Gadhafi's latest revolutionary edict means -- in theory at least -- that education, health, social services and much else besides will be privatized, giving Libyans the choice to shop around for what they need, freed from government controls. But how this will work out in practice is difficult to predict. How many billions of oil revenue will be distributed and to whom is also unclear. Many fear utter chaos.

When Gadhafi created his Great Socialist People's Libyan Arab Jamahiriya ("state of the masses") four decades ago, it was conceived as a novel form of direct, popular democracy. Local councils were set up with wide powers, not only to debate policy but also to implement it.

This seemed a plausible way to run a country, inhabited by little more than a million notoriously apathetic people, spread out over some 2,000 kilometers of Mediterranean coastline, backed by a vast, mostly barren, hinterland. It was said that when Gadhafi sat down to dinner with 200 tribal chiefs, he was dining with his entire country.

In the event, Gadhafi's "Islamic socialism" never really worked. Instead of the trumpeted popular democracy, he runs one of the most ruthlessly authoritarian regimes in a generally despotic Arab world. A rigid command economy was established with little room for the private sector. Dissidence was stamped out. Political opponents were hunted down and assassinated, at home and abroad.

One might say that Gadhafi's greatest personal achievement has been to survive in power for so long, in spite of numerous plots, incipient revolts, and American attempts to overthrow him.

In recent years, with a population edging towards six million, he seems to have understood the need for a change in course. There has been a belated attempt by him and his sons -- notably his reform-minded son Seif al-Islam -- to switch to something like a market economy, patch up relations with the Western world, and attract foreign investment, especially in the key oil sector which provides 95 per cent of Libya's export earnings.

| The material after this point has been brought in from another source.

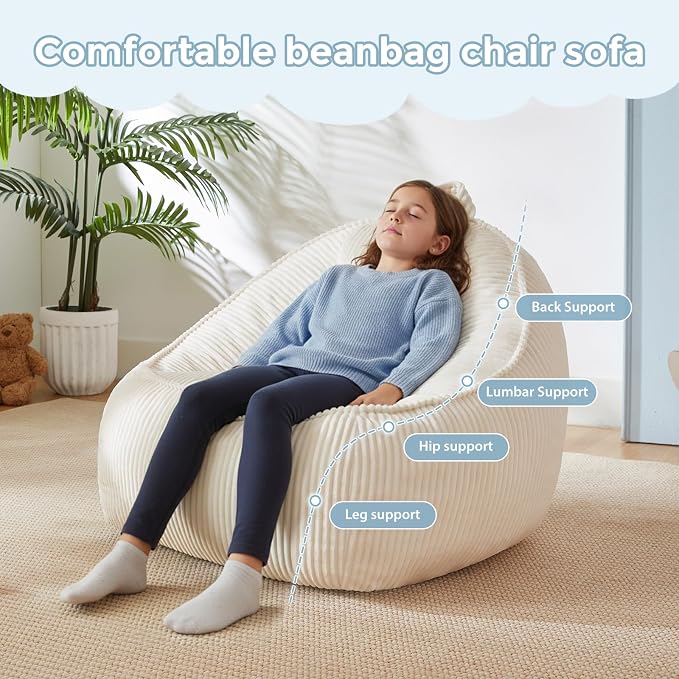 HUGHEAVEN Bean Bag Chairs for Kids, Toddler Bean Bag Chair, Comfy Cozy Reading - Image 4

Investment in tourism has started, the private sector has been given more scope, foreign businessmen are flocking to Tripoli, and international oil majors -- American companies as well as BP and ENI -- have been welcomed back, with the ambition of doubling oil production from 1.7 million barrels per day (bpd) to 3 million bpd by 2015.

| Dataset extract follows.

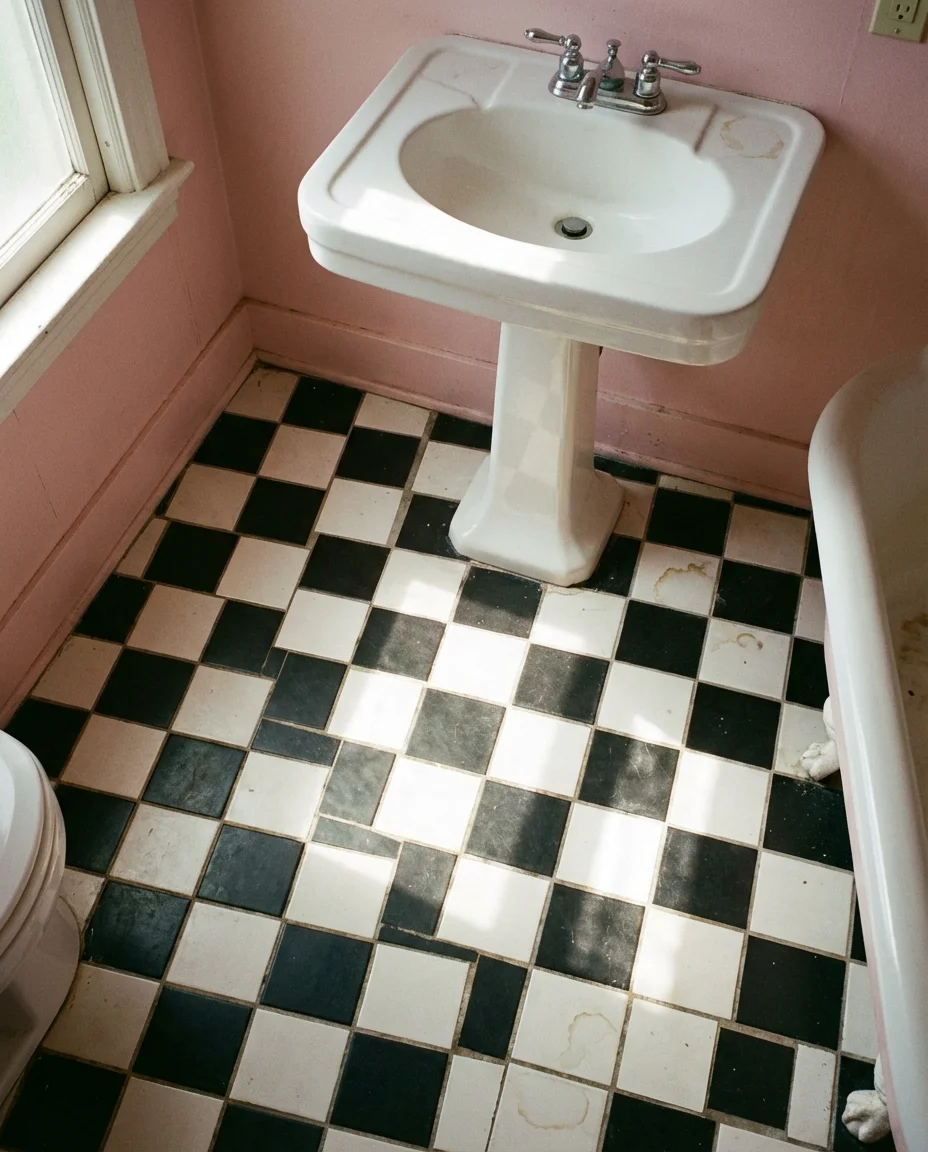 Retro Pink Tile With Checkerboard Floors 2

On paper, Libya's GDP is over $57 billion and its foreign exchange and gold reserves close to $100 billion. Per capita income is one of the highest in Africa. But in practice, economic and social development has been slow, unemployment is high, infrastructure still primitive, and the country lags far behind the booming oil economies of the Arab Gulf.

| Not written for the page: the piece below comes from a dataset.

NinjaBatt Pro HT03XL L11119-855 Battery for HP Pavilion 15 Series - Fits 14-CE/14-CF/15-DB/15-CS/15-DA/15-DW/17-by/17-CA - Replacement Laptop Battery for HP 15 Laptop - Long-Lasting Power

Earlier this month, U.S. Secretary of State Condoleezza Rice visited Tripoli -- the first such visit by a U.S. secretary of state since 1953. It was evidently meant to symbolize American-Libyan reconciliation. U.S. sanctions against Libya were lifted in 2004 following Libya's decision to abandon its attempts to build nuclear weapons and its agreement to compensate families of the victims of the Pan Am aircraft blown up over Lockerbie in Scotland on Dec. 21, 1988, with the loss of 270 lives.

In the last four years, U.S.-Libyan trade has increased tenfold. The United States wants a share of Libyan oil, but also wants its backing in its "global war on terror." In turn, the European Union is anxious for Libyan cooperation in checking illegal immigration.

The colonel, who has presided over Libya's destinies for 39 years, is now 66 years old and -- judging from his photographs -- is no longer in very good shape. What further contribution to the Arab scene can he be expected to make? His latest revolution will be closely watched.

He remains a flamboyant and highly independent figure, more eccentric in his behavior than ever, unrepentant in his love affair with Africa, in his condemnation of his fellow Arab leaders, and -- in spite of the end of their long feud -- his suspicion of America.

"We have no ambition to be friends of America," he declared in a speech on Sept. 1. "We only want them to leave us alone." Reporters noted that he kept Condoleezza Rice waiting for a whole hour before he received her and did not shake her hand.